| The "The Early Stories" is a book collection of his short stories and his other early works. |
Having read the short story, it quite felt that the tone of the narrator was a little bit unexcited about the story itself. No sound of thrill seemed to have escaped the narrator's very vivid and very scientific use of words. As it described the pond as "slightly acidic", it felt as though a minute sting of acid actually came into contact to the senses.
In the story, it is quite apparent that the cyclops felt a bit indifferent to his new surroundings. Again, putting emphasis on the story's opening line "it was not his kind of pond", it can be really said that the cyclops is the foreign entity at the party. The party-organisms, mentioned and named by names very scientifically, could have felt the same way towards the cyclops, but was never explicitly stated. They were as though completely different from one another. But then one might ask, "what is the cyclops supposed to be doing at the party then?" Perhaps, what is being tried to point out here in the story is the un-obvious yet seemingly factual coexistence of polar characteristics and personalities in one place. That it is not something unusual or out of the ordinary, but is something that is normal and actually happening and is true.
The story, with its overbearing, and perhaps explicitly overstating, title "Under the Microscope" is simply trying to bring us to a whole different, and apparently invisible, new world to all of us that is its readers. It is trying to open our naked eyes to a world that is equally true and existing, too. As much alike as what one can experience when trying to look at an ordinary sample of water using a microscope, where, at first look by the naked eyes, is truly and clearly just an ordinary sample of water -- clear, liquid, and reflects specks of light -- but yet upon looking through the magnifying lens of the microscope, one is brought to this other spectrum of seeing where he or she can now actually perceive what else comes along with this ordinary sample of water. There, one can see what cannot be seen at first.

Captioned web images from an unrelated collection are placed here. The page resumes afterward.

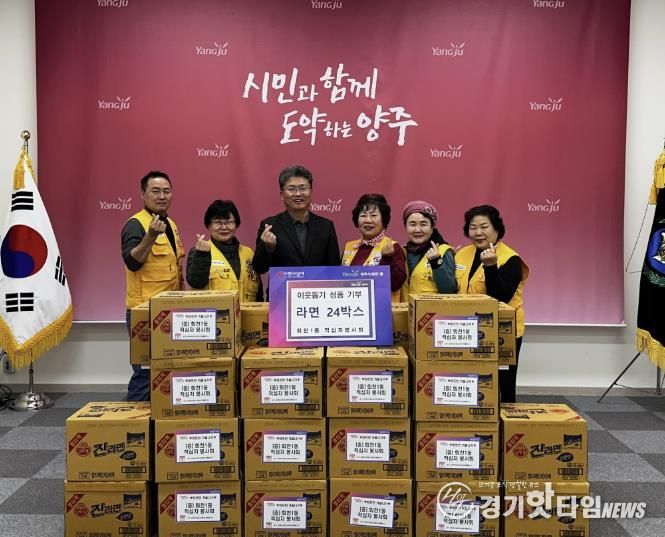 양주시 회천1동 적십자봉사회, 관내 취약가구에 라면 24박스 기부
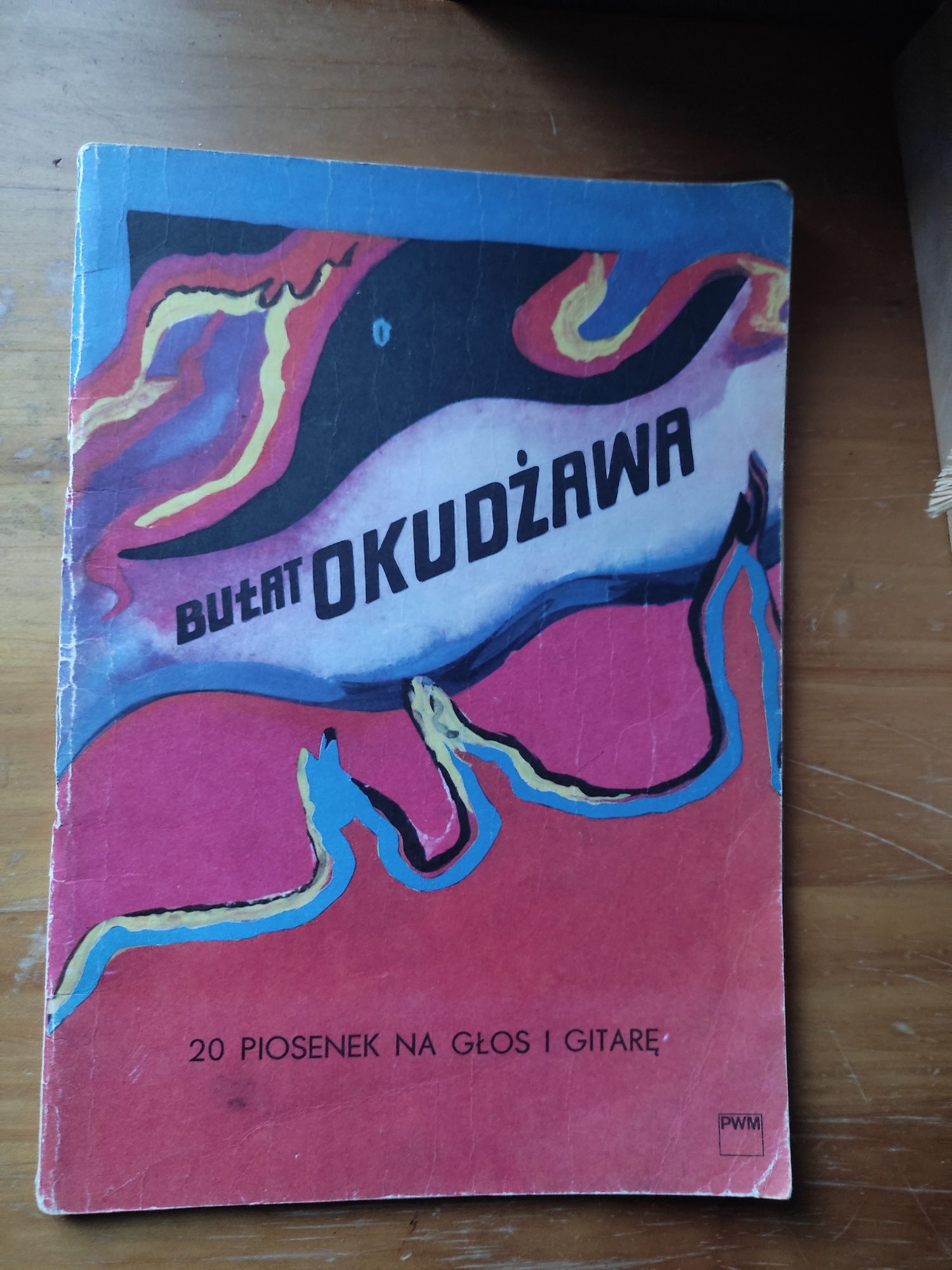 Bułat Okudżawa, 20 piosenek na głos i gitarę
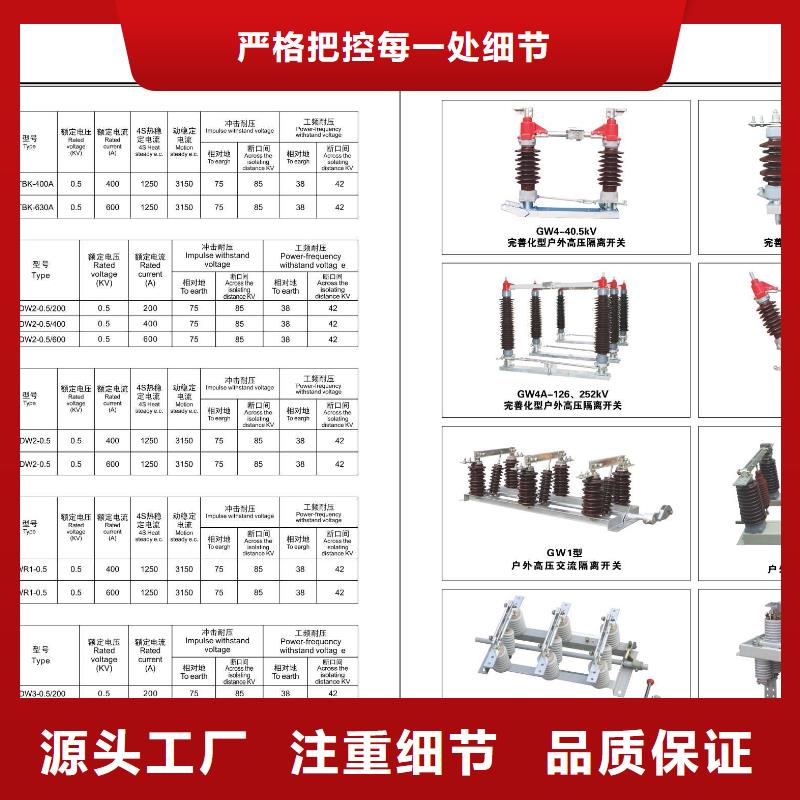 高压隔离开关GW9-15KV/630当地供应商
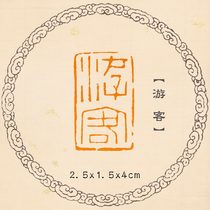 (Tourist) National Exhibition special seal carving finished calligraphy and painting chapter Xiaoxiong painting hard PEN chapter production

There, the un-perceivable can now be perceived, and the unknown is rising to the surface to be known.
It can be put into belief that John Updike was perhaps trying to present, through this short story of his, an unapparent yet concrete example of the point he was subtly trying to make. He made use an immense number of discouraging, purely scientific terms to compose and tell his story of nothing else but ordinary and very common life thought. Somehow, it poses a challenge and test to its readers, and to their persistence as well, into actually reading and understanding this simple short story. How foreheads wrinkled upon the first sight of those almost incomprehensible scientific terms that clothed Updike's story, which actually rendered and ended so insignificantly to the real story itself, seems a bit of a big hint already of what John really was trying to tell us, right?